Abdelhakim Laref

Personal information
- Full name: Abdelhakim Laref
- Date of birth: 12 January 1985 (age 41)
- Place of birth: Relizane, Algeria
- Height: 1.88 m (6 ft 2 in)
- Position: Forward

Youth career
- Standard Liège

Senior career*
- Years: Team / Apps / (Gls)
- 2005–2006: Roeselare / 5
- 2006–2008: Sint-Niklaas / 70 / (25)
- 2008–2009: La Louvière / 14 / (6)
- 2009: Sint-Niklaas / 25 / (-)
- 2009–2010: Deinze / 10 / (1)
- 2010: Eendracht Zele / 11 / (2)
- 2010–2011: JSM Béjaïa / 18 / (8)
- 2011–2012: MC Alger / 30 / (7)
- 2012–2016: Sint-Niklaas / 75 / (7)
- 2016–2017: FC Lebbeke
- 2017–2019: Sint-Niklaas / 43 / (8)
- 2019: KSV Bornem
- 2019–2020: Knokke / 17 / (3)
- 2020–2022: Sint-Niklaas / 17 / (4)

International career
- Belgium U18 / 0 / (0)

= Abdelhakim Laref =

Algerian footballer (born 1985)

Abdelhakim Laref (born 12 January 1985) is a retired Belgian footballer of Algerian origin.

==Club career==
Laref came up through the junior ranks of Standard Liège.
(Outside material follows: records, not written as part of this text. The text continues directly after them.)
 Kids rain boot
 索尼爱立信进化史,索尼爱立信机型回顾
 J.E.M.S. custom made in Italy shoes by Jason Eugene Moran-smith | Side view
He played for K.S.V. Roeselare in the Belgian First Division, as well as various other Belgian clubs, including FCN Sint-Niklaas, Germinal Beerschot, R.A.A. Louviéroise, K.F.C. Eendracht Zele, K.M.S.K. Deinze and K.A.A. Gent .

===JSM Béjaïa===
On 2 June 2010, Laref signed a contract with the Algerian Championnat National side JSM Béjaïa. He scored his first goal on 9 November 2010 at ORB Akbou with JSM Bejaia. On 25 January 2011, he was released from the club after making only two appearances, totaling nine minutes, without scoring any goals.